The thing is, I'm not sure if Sam has special needs of some sort. I've been to school events and his behaviour is disruptive to the extreme - think trying to stab the table with scissors, pull the blinds down, throw chairs, push other children over during the nativity. He's also apparently cut another child's hair in the classroom. He seems to have a TA working closely with him a lot of the time, and he sits on a chair, not the mat, in the classroom. So it seems they have some strategies in place to deal with his behaviour.

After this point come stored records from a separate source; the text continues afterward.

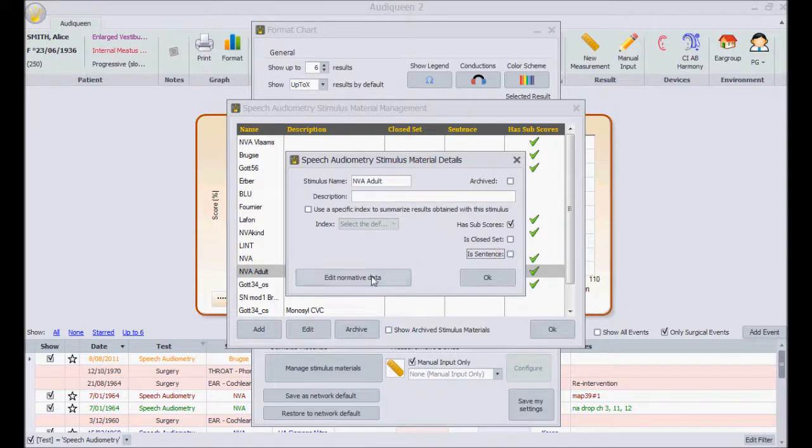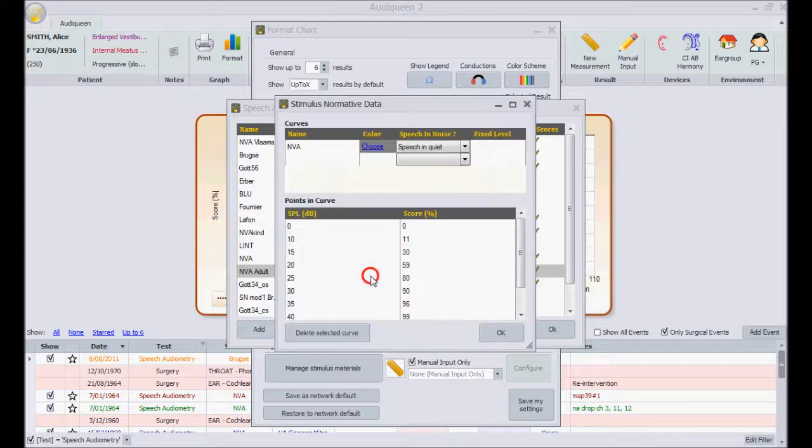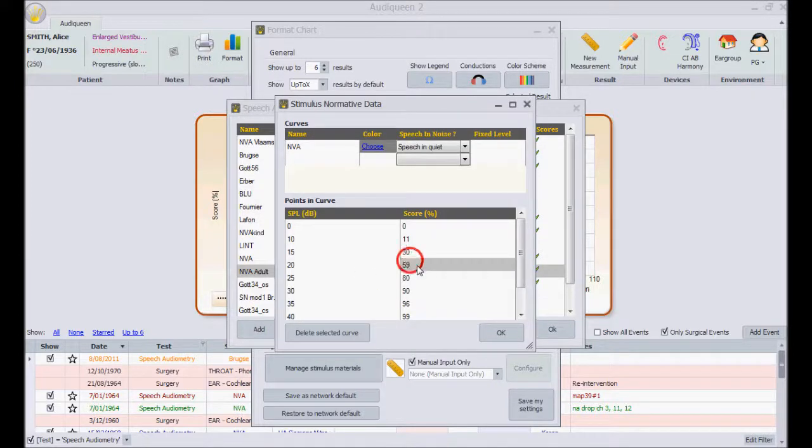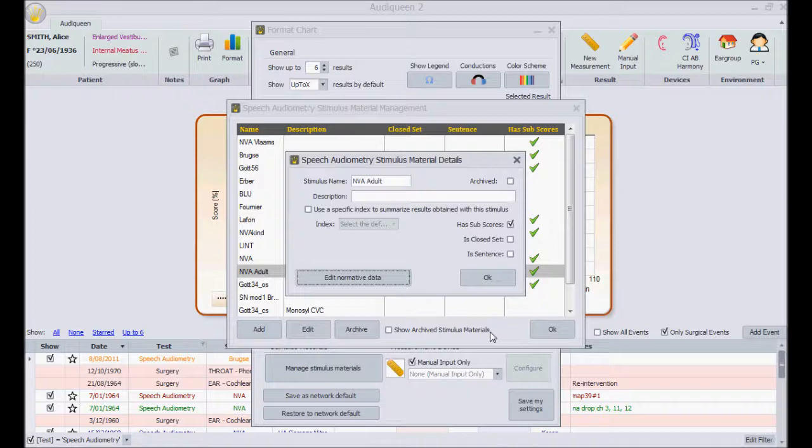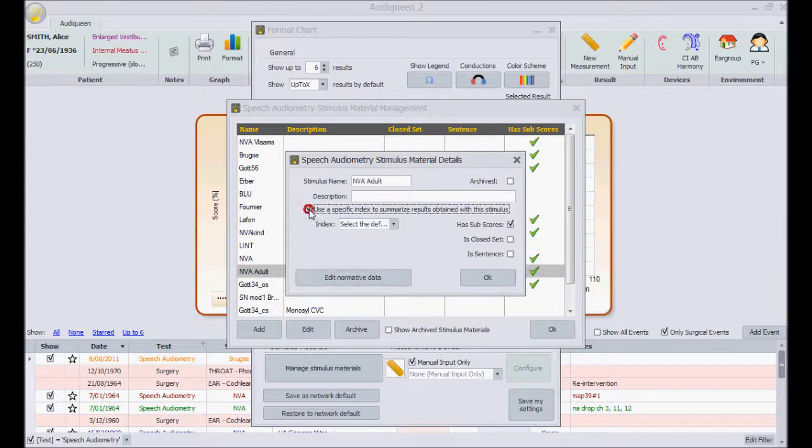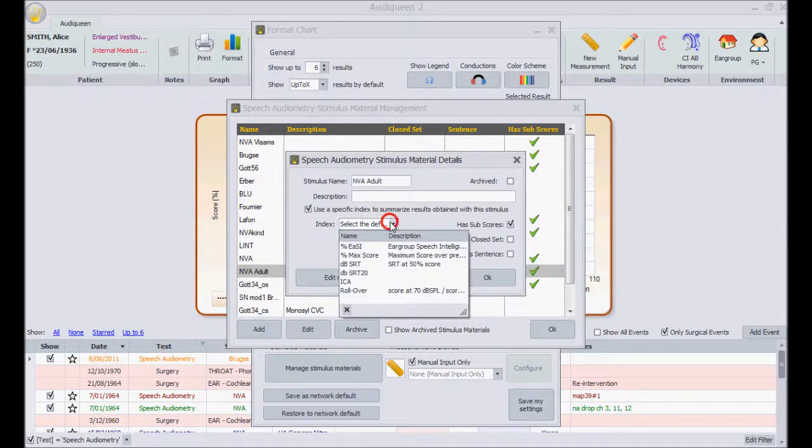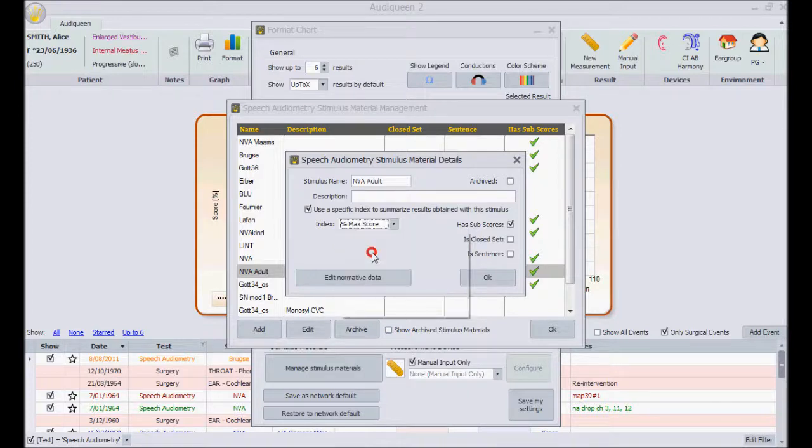Add a normal reference curve, or set an index that should summarize this test by default.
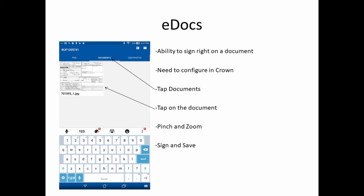Another way to capture a signature is via eDocs. eDocs gives you the ability to sign right on a document. It does need to be configured in Crown, but once you've done that, Crown will send the document right to the phone. To sign the document, tap on Documents at the top of the screen, then tap on the document you want to sign. Pinch and zoom on the area you want signed, sign with your finger, and save.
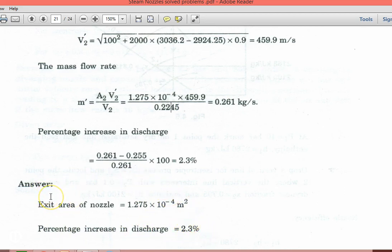That solves the problems on the nozzle. We solved 13 problems in total. Follow along, understand the approach, and then take the same problems and solve them again with the help of the steam tables.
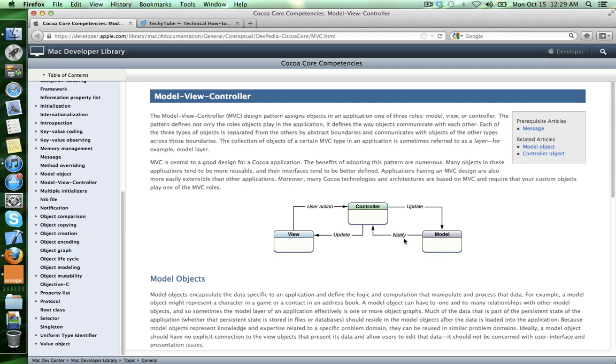Also, the controller can directly communicate with its views but the view can communicate with its controller in a way called target action.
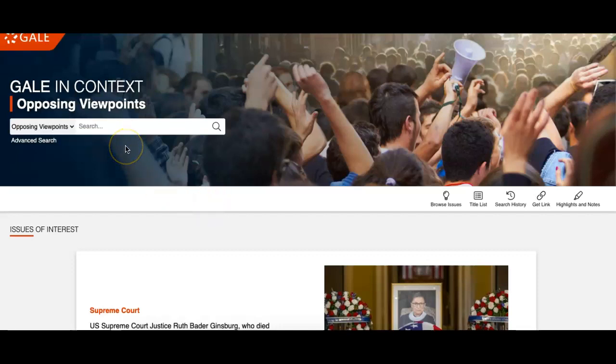Now, if you have an idea of what you'd like to do for your topic, you can always search it. But if you're not quite sure, the best place to get started is to go to Browse Issues.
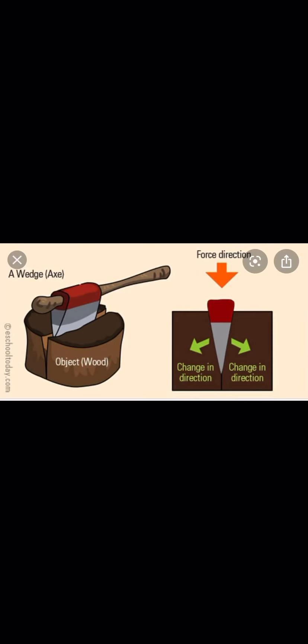We use the inclined plane to move anything from a lower place to a higher place, or the opposite. We use it to reduce the force. If I need to do any work, I have distance and force. If I use more force, I use less distance. But a ramp gives you more distance, so you use less force, according to the work law.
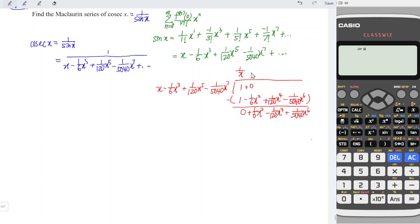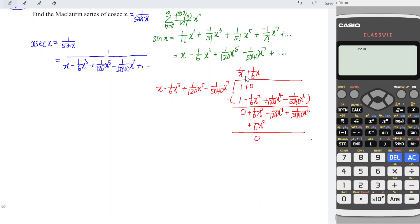The next term we should have is plus 1 over 6 x. So 1 over 6 x times x gives us positive 1 over 6 x squared. When we subtract, we obtain 0. Multiplying the remaining terms: negative, positive, negative — giving 1 over 36 x to the power of 4. And 1 over 6 times 1 over 120 gives us 1 over 720 x to the power of 6, and so on.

But how do I handle it with DS? He's never been a child who has got into fights, he's usually a very gentle little boy. And it really only ever seems to be with this one boy. He was seriously reprimanded by us for the day that he'd been in time out - he missed a play date he'd been looking forward to. And I've told him to just stay out of Sam's way, if he's causing trouble, but he says he can't as his chair is next to DS's place on the mat! I just don't want his behaviour to deteriorate or for him to start to think that fighting other children is acceptable behaviour. But equally I don't know if it's bad enough to approach the school about?

Any thoughts?

OP posts:
2sly4you · 19/12/2017 21:55

I don't think it would hurt to approach the teacher for a meeting to ask how you can help your child. You won't be able to discuss Sam and his issues but maybe you could figure out a plan together to support your son avoiding trouble.

SparklingSnowfall · 19/12/2017 22:02

You definitely need to approach the school, it's up to them to manage Sam's behaviour and protect your DS. From your post it sounds like your DS had been provoked into retaliating.

GreenTulips · 19/12/2017 22:08

You have 6 years of this

It won't change.

superduperdo · 21/12/2017 07:58

Thanks for the replies. I wasn't sure if I was overreacting - I don't want to be "that parent" who goes in to talk to the teacher about every little playground scrape - but it does seem to consistently be the same child. We have broken up for Christmas now, so I think I'll see what happens when we go back. I'm keeping a diary of any incidents, so if they continue after Christmas I'll ask for a meeting with the school.